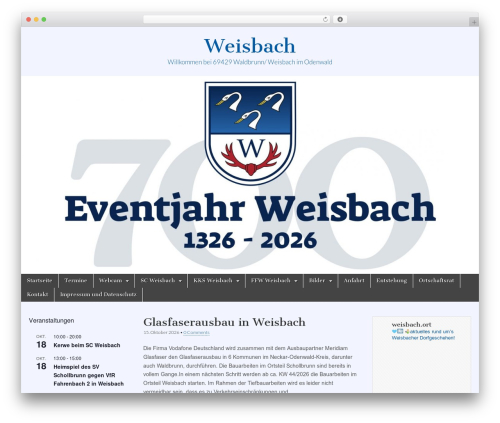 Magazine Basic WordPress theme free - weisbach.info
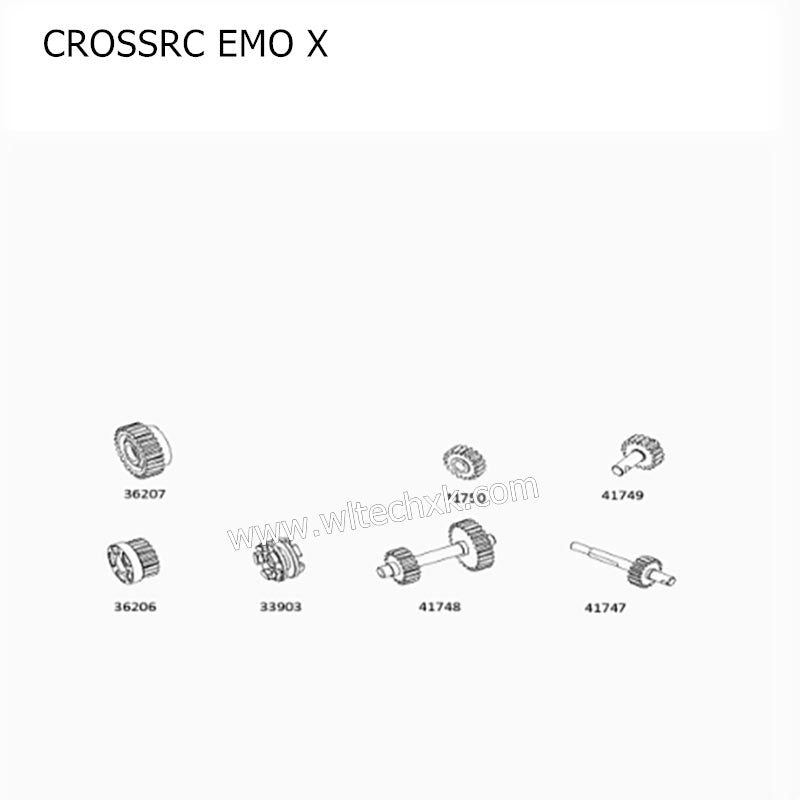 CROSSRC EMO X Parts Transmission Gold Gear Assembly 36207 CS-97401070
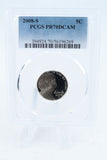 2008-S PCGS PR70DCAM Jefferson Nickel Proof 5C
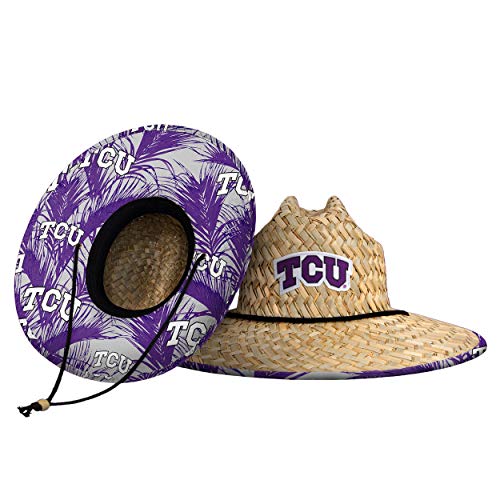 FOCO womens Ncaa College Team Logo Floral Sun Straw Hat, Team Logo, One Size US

---

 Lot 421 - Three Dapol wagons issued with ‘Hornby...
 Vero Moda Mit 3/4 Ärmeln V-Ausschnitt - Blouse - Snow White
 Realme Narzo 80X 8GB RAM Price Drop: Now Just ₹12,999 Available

==

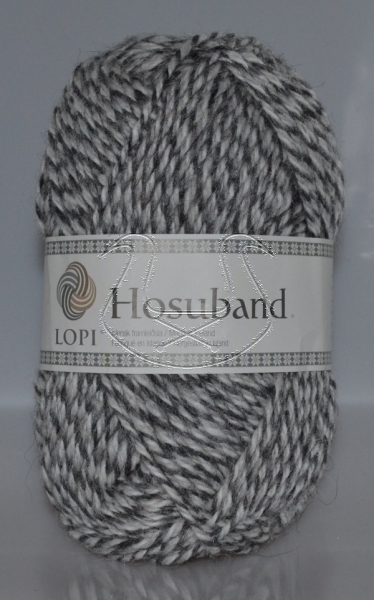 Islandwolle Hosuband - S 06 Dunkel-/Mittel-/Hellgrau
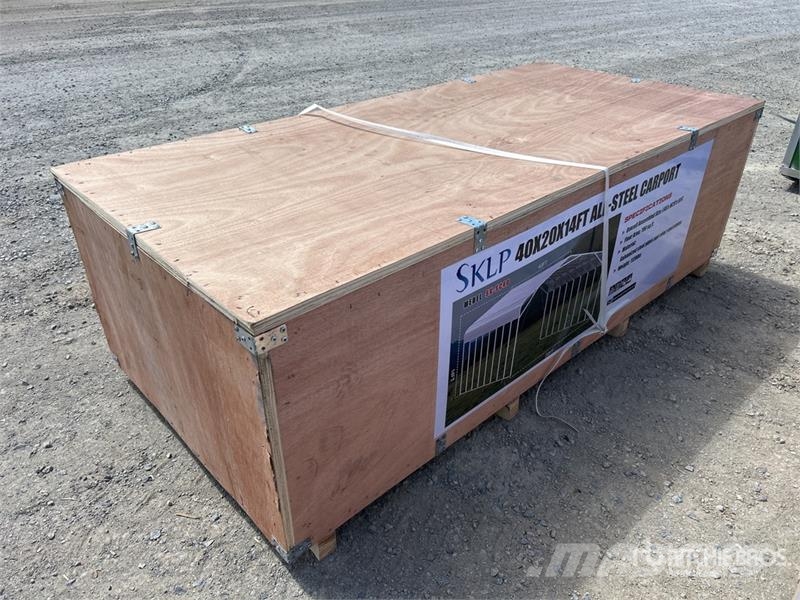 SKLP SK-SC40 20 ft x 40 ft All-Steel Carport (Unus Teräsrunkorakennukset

(THE PROBLEM):
Reproduce exactly the lines above that run from the one with "Magazine Basic WordPress" to the one with "FOCO womens Ncaa", both included, leaving pictures out.

(TASK OUTPUT):
 Magazine Basic WordPress theme free - weisbach.info
 CROSSRC EMO X Parts Transmission Gold Gear Assembly 36207 CS-97401070
 2008-S PCGS PR70DCAM Jefferson Nickel Proof 5C
 FOCO womens Ncaa College Team Logo Floral Sun Straw Hat, Team Logo, One Size US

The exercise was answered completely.